Originally Posted by ABN AMRO - Tim Drayson
Economic comment
Entrapment
Tim Drayson
As was widely expected, the Fed delivered a 25bp cut in its funds and discount rate. But
Thomas Hoenig dissented, preferring no change. This indicates the decision was more finely
balanced than market pricing would suggest. After opting for a surprisingly large 50bp cut at
the last FOMC, the evidence to justify a further loosening was far from overwhelming. We'll
have to wait for the minutes, but I doubt the staff has made any downward revisions to their
2008 growth forecasts since the September meeting. In taking the decision, the FOMC
probably paid less attention to the robust 3Q07 GDP figure, and instead focussed on the
higher frequency data. There has been some softening, but no more than the Fed
anticipated. So I think the Fed was reluctant to ease, but felt compelled to because failure to
act might have unsettled markets. After all, the risk management approach is designed to
stabilize financial markets and prevent the adverse effects on the broader economy from
developing.
The statement required plenty of redrafting. The Fed noted that 'economic growth was solid
in the third quarter, and strains in financial markets have eased somewhat', but
acknowledged that 'the pace of economic expansion will likely slow in the near term, partly
reflecting the intensification of the housing correction'. The language on inflation was
expanded to include more explicit guidance about the risks, 'recent increases in energy and
commodity prices, among other factors, may put renewed upward pressure on inflation'.
Most important, and in a bid to damp speculation of further substantial cuts, the Fed inserted
an assessment of the balance of risks, saying 'the upside risks to inflation roughly balance
the downside risks to growth'. The statement concluded with the same line about acting 'as
needed'.
The fed funds rate is now around neutral and with government bond yields and the majority
of credit spreads still low and the dollar weakening, monetary conditions are not restrictive.

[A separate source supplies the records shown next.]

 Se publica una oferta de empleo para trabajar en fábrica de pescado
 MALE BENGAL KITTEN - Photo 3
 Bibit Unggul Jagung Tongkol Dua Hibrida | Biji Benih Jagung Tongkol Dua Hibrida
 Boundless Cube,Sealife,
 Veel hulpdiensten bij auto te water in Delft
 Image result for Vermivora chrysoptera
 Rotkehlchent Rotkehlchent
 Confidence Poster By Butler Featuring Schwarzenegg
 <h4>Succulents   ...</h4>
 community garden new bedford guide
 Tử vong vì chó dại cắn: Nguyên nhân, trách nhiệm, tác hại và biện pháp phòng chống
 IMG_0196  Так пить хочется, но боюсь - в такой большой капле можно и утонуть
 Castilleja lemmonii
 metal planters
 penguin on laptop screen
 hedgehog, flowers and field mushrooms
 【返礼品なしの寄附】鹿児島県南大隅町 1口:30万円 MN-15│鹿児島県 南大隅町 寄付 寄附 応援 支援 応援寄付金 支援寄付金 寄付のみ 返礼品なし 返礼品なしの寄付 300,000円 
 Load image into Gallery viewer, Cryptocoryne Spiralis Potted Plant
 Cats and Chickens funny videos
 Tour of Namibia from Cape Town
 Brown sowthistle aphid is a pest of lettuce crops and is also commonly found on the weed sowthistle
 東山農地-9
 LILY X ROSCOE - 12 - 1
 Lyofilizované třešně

The economy is close to full capacity, global growth remains robust and commodity prices,
most worryingly crude oil, are soaring. As medium-term inflation risks are increasing, I don't
think the Fed sees the need to loosen policy further. But with markets pricing in further rate
cuts, the Fed has a communications issue. The statement is the first attempt to outline the
Fed's thoughts, but in subsequent speeches and the minutes I expect the Fed to explain that
because it has frontloaded rate cuts, it doesn't need to cut rates again if the data softens as
it's expecting. It's conceivable that market turbulence could re-intensify and we get more
evidence of broad-based economic weakness. A sustained drop in the monthly ISMs or rise
in unemployment could force the Fed to loosen even further. But because the Fed has been
remarkably pre-emptive, the most likely scenario is sluggish growth near-term before
returning to potential in the second half of 2008. At this stage the Fed has limited ability to
prevent the housing correction running its course, but it can help promote macro stability by
ensuring that inflation and inflation expectations remain well contained. As a result, I expect
the Fed to remain on hold through 2008.